*** Begin section ***
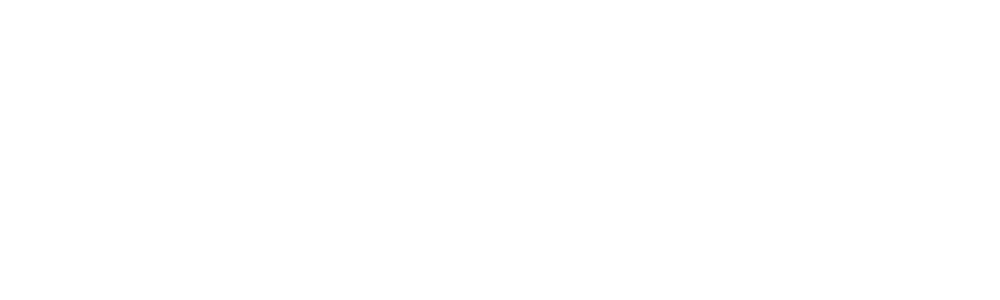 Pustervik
*** End section ***
*** Begin section ***
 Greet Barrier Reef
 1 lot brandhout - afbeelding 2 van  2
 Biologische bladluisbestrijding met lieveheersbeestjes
*** End section ***
• REQUIRED ACTION:
The reply should hold only the lines of the listing above starting at the line containing "Greet Barrier Reef" and ending at the line containing "Biologische bladluisbestrijding met", exactly as written.

• SOLUTION TO THIS EXERCISE:
 Greet Barrier Reef
 1 lot brandhout - afbeelding 2 van  2
 Biologische bladluisbestrijding met lieveheersbeestjes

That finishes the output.